**DATA FOR PROCESSING:**
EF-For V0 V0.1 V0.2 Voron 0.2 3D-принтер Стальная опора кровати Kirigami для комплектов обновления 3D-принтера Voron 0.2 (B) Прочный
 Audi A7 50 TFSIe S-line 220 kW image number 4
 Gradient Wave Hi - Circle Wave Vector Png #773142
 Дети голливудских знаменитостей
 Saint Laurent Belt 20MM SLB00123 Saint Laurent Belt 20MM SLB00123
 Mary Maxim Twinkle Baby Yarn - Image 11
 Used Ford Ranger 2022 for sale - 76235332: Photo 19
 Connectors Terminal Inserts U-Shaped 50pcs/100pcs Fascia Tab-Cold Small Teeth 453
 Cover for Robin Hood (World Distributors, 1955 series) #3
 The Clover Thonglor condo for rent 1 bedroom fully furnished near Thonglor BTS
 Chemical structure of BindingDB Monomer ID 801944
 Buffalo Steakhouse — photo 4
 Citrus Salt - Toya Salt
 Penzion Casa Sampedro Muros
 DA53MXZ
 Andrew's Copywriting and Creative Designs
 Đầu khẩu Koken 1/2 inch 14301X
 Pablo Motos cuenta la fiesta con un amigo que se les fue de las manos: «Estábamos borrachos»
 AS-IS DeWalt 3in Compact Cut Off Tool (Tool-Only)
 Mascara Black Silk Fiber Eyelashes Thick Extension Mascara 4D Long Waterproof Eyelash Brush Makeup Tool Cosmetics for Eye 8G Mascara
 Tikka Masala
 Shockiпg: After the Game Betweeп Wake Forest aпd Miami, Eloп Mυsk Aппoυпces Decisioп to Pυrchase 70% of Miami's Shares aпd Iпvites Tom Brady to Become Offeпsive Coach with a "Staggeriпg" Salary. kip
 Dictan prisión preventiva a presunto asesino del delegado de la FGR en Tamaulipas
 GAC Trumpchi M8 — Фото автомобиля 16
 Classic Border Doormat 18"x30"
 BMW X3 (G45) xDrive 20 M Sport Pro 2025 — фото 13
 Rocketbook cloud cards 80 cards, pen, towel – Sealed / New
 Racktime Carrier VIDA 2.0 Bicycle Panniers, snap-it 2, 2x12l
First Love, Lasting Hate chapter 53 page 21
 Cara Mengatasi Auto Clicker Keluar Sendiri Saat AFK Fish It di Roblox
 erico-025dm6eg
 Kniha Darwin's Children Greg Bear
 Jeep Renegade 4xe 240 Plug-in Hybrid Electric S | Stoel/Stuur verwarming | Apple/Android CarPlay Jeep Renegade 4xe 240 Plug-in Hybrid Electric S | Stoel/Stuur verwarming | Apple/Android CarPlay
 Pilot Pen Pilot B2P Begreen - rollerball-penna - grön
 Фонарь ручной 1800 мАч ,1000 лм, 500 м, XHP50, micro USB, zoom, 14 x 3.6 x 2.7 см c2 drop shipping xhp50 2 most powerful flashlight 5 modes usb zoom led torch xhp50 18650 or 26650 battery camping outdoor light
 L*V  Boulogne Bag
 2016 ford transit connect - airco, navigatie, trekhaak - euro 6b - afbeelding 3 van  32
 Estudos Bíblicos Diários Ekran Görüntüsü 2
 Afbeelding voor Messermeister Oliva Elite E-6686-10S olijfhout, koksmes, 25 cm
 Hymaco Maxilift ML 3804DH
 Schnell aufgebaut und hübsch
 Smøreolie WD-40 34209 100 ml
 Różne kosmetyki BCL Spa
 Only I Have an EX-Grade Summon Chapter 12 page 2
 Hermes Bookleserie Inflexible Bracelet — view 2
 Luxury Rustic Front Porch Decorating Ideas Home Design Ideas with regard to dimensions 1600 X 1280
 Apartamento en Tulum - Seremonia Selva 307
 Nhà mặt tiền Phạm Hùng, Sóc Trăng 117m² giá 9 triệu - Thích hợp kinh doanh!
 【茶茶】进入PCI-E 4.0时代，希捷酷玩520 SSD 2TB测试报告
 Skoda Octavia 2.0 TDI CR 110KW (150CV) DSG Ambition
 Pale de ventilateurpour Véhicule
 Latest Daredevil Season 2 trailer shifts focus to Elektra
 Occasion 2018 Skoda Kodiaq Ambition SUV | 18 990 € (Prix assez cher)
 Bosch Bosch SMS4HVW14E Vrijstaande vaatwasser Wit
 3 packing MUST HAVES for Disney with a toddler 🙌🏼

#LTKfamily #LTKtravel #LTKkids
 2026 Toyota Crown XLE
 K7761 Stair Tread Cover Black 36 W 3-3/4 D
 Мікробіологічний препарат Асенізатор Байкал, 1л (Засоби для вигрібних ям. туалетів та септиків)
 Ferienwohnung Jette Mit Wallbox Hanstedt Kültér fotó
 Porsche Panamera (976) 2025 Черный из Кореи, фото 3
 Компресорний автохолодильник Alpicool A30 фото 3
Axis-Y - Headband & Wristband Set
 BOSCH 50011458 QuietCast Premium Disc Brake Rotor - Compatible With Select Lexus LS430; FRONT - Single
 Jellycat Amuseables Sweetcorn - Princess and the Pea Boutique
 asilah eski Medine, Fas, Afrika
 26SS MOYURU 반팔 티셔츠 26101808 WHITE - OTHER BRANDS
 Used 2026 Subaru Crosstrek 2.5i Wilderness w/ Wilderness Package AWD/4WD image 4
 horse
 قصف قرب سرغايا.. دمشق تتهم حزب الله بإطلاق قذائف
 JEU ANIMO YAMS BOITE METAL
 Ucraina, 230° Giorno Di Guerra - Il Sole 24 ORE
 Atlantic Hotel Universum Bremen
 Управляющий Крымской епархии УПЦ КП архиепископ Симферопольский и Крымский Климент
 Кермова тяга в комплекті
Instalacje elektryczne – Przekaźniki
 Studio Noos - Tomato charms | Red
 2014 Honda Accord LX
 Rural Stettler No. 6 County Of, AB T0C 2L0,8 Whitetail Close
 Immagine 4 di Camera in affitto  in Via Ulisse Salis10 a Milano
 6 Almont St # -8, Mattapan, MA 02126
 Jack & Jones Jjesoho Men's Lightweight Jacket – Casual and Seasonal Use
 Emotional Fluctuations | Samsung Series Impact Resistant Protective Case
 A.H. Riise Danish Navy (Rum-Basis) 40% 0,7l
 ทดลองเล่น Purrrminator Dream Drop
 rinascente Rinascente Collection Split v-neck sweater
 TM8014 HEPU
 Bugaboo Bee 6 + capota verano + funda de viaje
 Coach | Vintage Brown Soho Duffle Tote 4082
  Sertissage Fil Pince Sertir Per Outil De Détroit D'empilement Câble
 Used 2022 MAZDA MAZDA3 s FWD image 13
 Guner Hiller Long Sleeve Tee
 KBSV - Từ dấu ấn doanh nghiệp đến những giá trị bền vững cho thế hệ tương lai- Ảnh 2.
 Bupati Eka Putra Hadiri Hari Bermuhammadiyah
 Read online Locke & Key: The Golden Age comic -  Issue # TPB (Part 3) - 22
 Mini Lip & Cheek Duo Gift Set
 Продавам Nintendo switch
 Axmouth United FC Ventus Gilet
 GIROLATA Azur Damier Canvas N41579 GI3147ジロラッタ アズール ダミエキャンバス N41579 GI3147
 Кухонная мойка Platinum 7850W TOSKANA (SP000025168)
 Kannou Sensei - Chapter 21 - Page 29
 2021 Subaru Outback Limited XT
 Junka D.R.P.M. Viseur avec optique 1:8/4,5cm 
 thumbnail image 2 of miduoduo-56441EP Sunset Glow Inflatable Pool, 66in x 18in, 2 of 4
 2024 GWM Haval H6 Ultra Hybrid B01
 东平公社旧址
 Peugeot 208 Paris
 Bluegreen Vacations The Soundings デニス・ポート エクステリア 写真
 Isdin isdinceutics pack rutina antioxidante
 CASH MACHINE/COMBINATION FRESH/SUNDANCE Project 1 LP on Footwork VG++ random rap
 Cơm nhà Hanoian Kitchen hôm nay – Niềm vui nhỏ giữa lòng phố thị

**GOAL OF THE EXERCISE:**
If a line in the entries includes the word "Subaru", copy that line out.

**RESULT:**
 Used 2026 Subaru Crosstrek 2.5i Wilderness w/ Wilderness Package AWD/4WD image 4
 2021 Subaru Outback Limited XT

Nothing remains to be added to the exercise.